And when by doing so, so now what it does is in a given frame let's say we have
a eight by eight frame where you put 64 points or 64 trajectory points, which can
track all the 64 positions within a grid where it could be a midpoint of every
small grid positions within the eight by pixel image, so by a by eight image size.
So by doing so, what happens is can also track.
Object movement.
It can also track the camera movements.
And by by calibrating all of those, we can try to find what is the only T part,
which is what are the non-redundant part which can we can expect in the
next frame compared to the first frame.
And this can mostly work in in a very advanced approaches where the videos
is very complex and that's where the multi-point trajectory element lead.
Be helpful to just give a quick visual of how the multipoint
like would, will look like.
Is from the previous video we saw that there was a dog and the dog
was moving and we were just pointing one and, I can go back here.
So you can see here, it's just tracking one trajectory and this tr
looks like it's going like a it looks like a, some kind of leaf, right?

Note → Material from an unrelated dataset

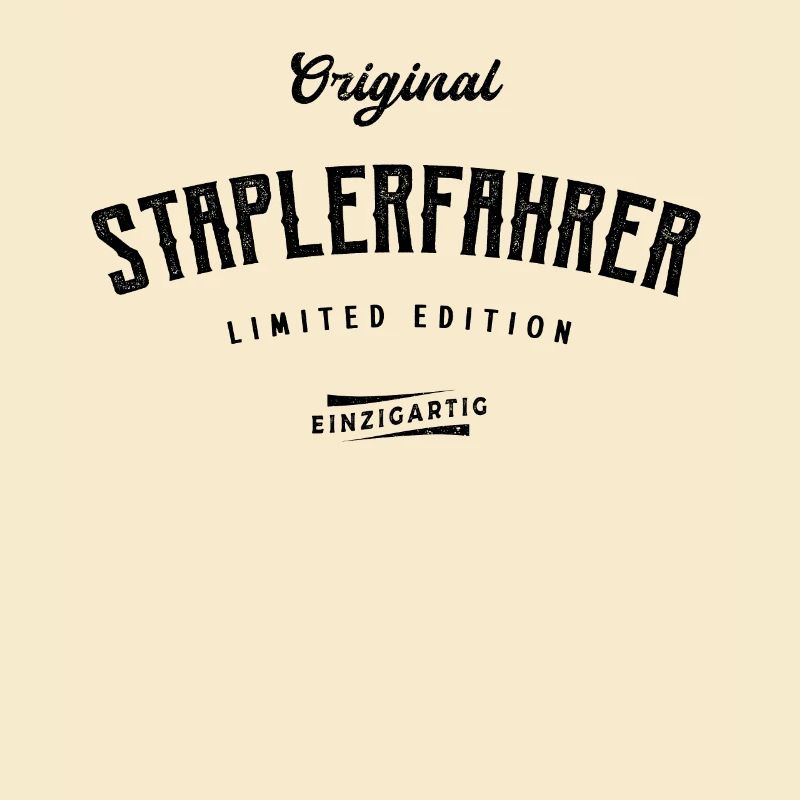 Staplerfahrer Limited Edition Gabelstapler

So that's why, that's how it's moving.
But in this case, in this video, we can see that the dog the object as
far as the video, both are moving.
So a single point trajectory would not effectively can say
how the pixels are moving.
But by using a multi-point trajectory.
You can see here actually the how the entire video from one frame to another
frame, or at least this is like a, let's say it's a two second video, might be
we have four to five frames in this.
We can see from frame one to frame five, how far it has been shifted.
So this can give like an overview of how the pixels are
moving at different positions.
And based on that, every single positions we can see, what are the
pixels we need to store, what are the coordinates we need to store?
What are the quad, what are the position coordinates we, we can avoid storing and
we can retribute from the previous spring.
And that's what we are trying to do over here.
So let's get into the steps on how we have achieved it.
So for the compression step just to give a quick note, we in this approach
we are trying to prove that this is possible to pixel point tracking by
using a single trajectory method.
So we have used that as a proof of concept over here to display displayed
and show that this is possible.
And so as a step one, using a single point trajectory method.
We arbitrarily choose a point in a video.
So we are using a video.
We used a video where the objects are static, but the
video the camera is moving.
The video is moving.
Basically in the video, the camera is moving, sorry.
We use like a, let's say a midpoint, the in the frame.
And and we are tracking that point over here.
So we choose arbitrary point for the the pips to track the present
independent particles model to track.
And it basically process basically eight frames at a time.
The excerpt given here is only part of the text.